Un revenu de base ne serait-il pas une meilleure alternative ?
Cette proposition d’un revenu de base part du constat correct que, pour beaucoup, les fins de mois sont difficiles et que de plus en plus de gens sont laissés pour compte. Le problème, cependant, n’est pas tant le système de travail salarié que la répartition des richesses. Si, sur la base des ressources dont disposent actuellement les travailleurs ordinaires, nous accordons à chacun un montant de base mensuel fixe, il serait très bas et pourrait également porter atteinte à la sécurité sociale (celle-ci est désormais financée par des cotisations sur nos salaires). Avec un revenu de base de 500 euros ou 600 euros par mois, la pauvreté ne fera qu’augmenter.
Obtenir un montant plus élevé exige de se battre pour une autre redistribution des ressources. La meilleure façon de mener cette bataille est d’utiliser notre place dans le processus de production : ce sont les travailleurs qui créent la richesse par leur travail, et les travailleurs peuvent donc toucher l’élite en cessant le travail. Le lien entre la richesse et le travail est essentiel ; desserrer ce lien avec un revenu de base n’aidera pas notre lutte.
En optant pour un salaire minimum de 14 euros par heure, une pension minimum de 1.500 euros et une allocation de chômage minimum de 1.200 euros, tout le monde sera au-dessus du seuil de pauvreté. Dans ce cas, il n’y aura pas besoin d’un nouveau système tel qu’un revenu de base.
D’autres revendications, autour des heures de travail notamment, ne sont-elles pas plus importantes ?

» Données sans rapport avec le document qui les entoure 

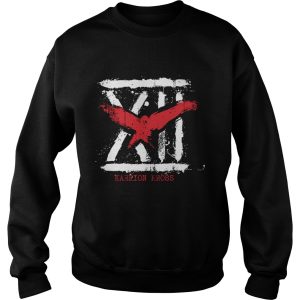 Killer Kross Xii Karrion Kross shirt 2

Notre approche démarre de ce qui est nécessaire pour les travailleurs et leurs familles, ce qui comprend diverses mesures qui ne peuvent être considérées isolément les unes des autres. Un salaire minimum plus élevé n’est pas suffisant en soi pour obtenir un travail et une vie de qualité. Cela exige une réduction efficace de la pression du travail en répartissant le travail disponible entre ceux qui peuvent travailler. Une réduction générale du temps de travail sans perte de salaire et avec embauche supplémentaire est donc nécessaire. Nous avons aussi besoin de davantage d’investissements publics dans les services publics, tels que l’éducation, les soins de santé, le logement social, etc. et il faut également augmenter les prestations et les allocations sociales.
En fixant un montant pour certaines revendications, comme un salaire minimum de 14 euros par heure, le programme devient plus concret et il est plus facile de mener une campagne d’information et de mobilisation plus large.
Est-il possible d’obtenir 14 euros par heure ?
Les huit personnes les plus riches au monde possèdent plus que la moitié la plus pauvre de la population mondiale. Voilà qui réfute tous les arguments sur le caractère inabordable des revendications sociales.
En Amérique du Nord, dans de nombreuses villes et régions, des luttes concrètes menées sur le terrain ont imposé un salaire minimum de 15 dollars de l’heure. Seattle a été la première grande ville où cela s’est produit. Cette mesure s’est traduite par un transfert de 3 milliards de dollars des riches vers les pauvres. Cela n’a pas entraîné de pertes d’emplois : au cours de la première année suivant l’introduction de la mesure, il y a eu une augmentation du nombre d’emplois de 2,5 % et le salaire moyen dans la ville a augmenté de 3,5 %. Ces chiffres étaient supérieurs à la moyenne nationale.
Il est possible d’arracher de meilleurs salaires. Ce combat doit être mené tant sur la scène syndicale que sur la scène politique. C’est ainsi que, dans le passé, la journée des 8 heures et le système de sécurité sociale ont été obtenus. Les capitalistes ne feront de concessions que s’ils ne voient pas d’autre moyen d’arrêter ou de ralentir un mouvement social croissant et radical en faveur d’un changement social. C’est la menace de la révolution qui a ouvert la voie aux congés payés ou à l’octroi du suffrage universel. La lutte pour un salaire minimum plus élevé fait selon nous partie de la construction d’une relation de force pour un changement de société vers le socialisme, une société orientée vers la satisfaction des besoins de la majorité de la population.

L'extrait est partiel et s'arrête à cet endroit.